10. Briantspuddle, Dorset
Briantspuddle village - Image by PicturesOfEngland.com member Nigel Lord (view gallery)
This remarkable village owes much to the agricultural experiment carried out by Sir Ernest Debenham during the years between the two World Wars. Sir Ernest was the head of a large London store and so he had the time and money at his disposal for his scheme which he regarded as an attempt to prove that Great Britain could be solely responsible for feeding the British nation. In an experiment far ahead of it's time Sir Ernest introduced scientific methods to intensify pig, poultry and dairy farming. His building projects were centred on the 'Arts and Crafts' style, using mostly, locally made building materials and his legacy lives on in the many houses and cottages he built in and around the village.
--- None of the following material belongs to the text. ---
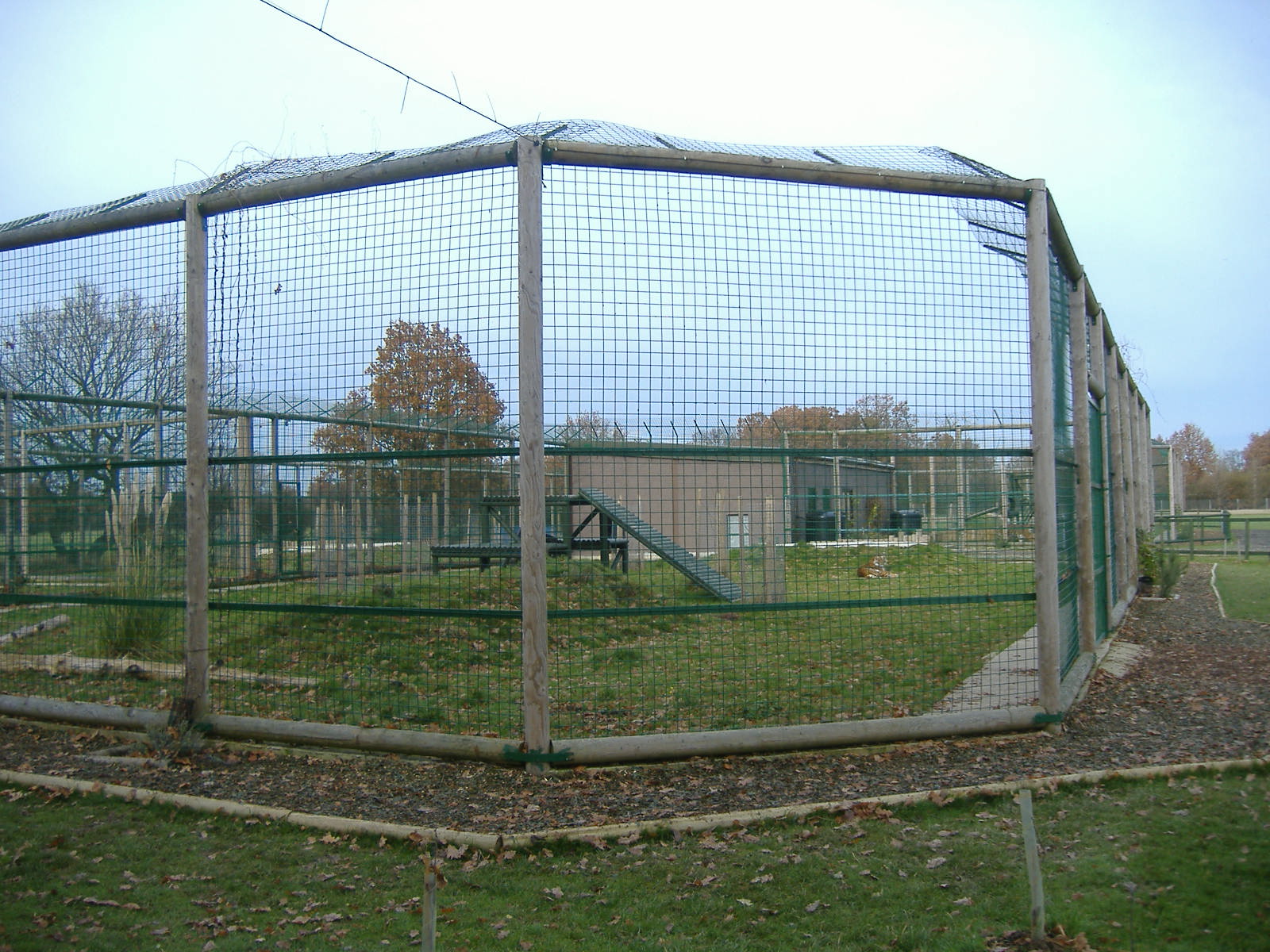 Wildlife Heritage Foundation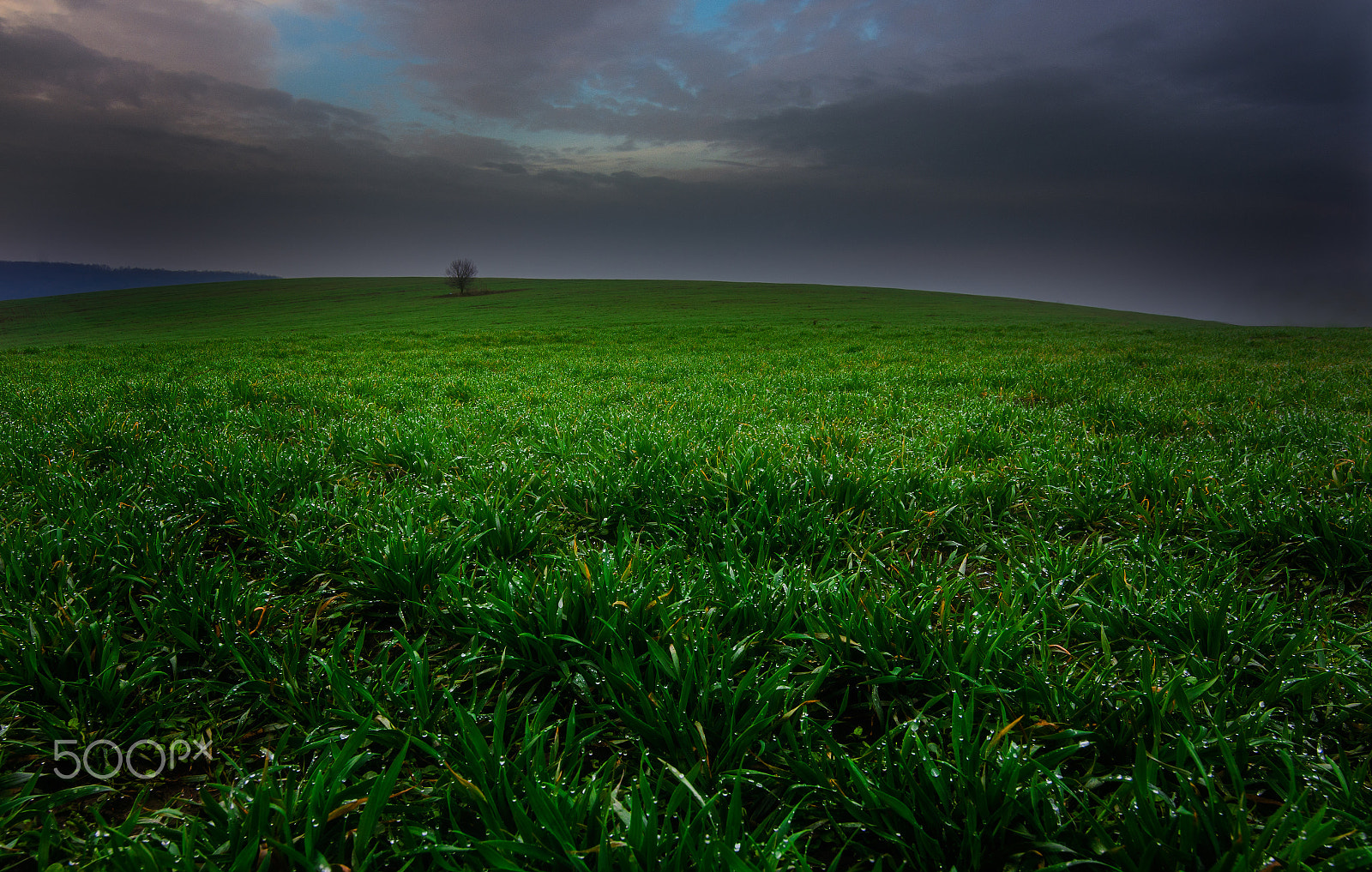 Tokina AT-X Pro 11-16mm F2.8 DX sample photo. Green lands photography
This quaint village differs from most English villages in that it has no church and there is very little here other than fine whitewashed cottages interspersed down narrow leafy lanes that are more used to driven herds than the modern motor vehicles of today. The village though, wears well an air of quiet charm which shows in beautifully kept gardens that border thickly thatched, mullion windowed dwelling houses of by-gone days. The most interesting and attractive properties are perhaps those known as The Ring - a group of cottages with two turrets of thatch, built by Sir Ernest Debenham in 1919, their intended use was as a dairy farm.
Just a short way away from Briantspuddle is an interesting memorial commemorating the dead of two world wars, it is by the noted artist Eric Gill and is of local Portland stone and sculpted in the form of an ancient Market cross.
Briantspuddle is close to the magnificent Dorset coast and not far from the rivers Piddle and Frome. There is a museum at Tolpuddle and Athelhampton House is close-by. The NT property of Clouds Hill is just a short distance away. This is a region of great beauty that has much to attract and interest the visitor.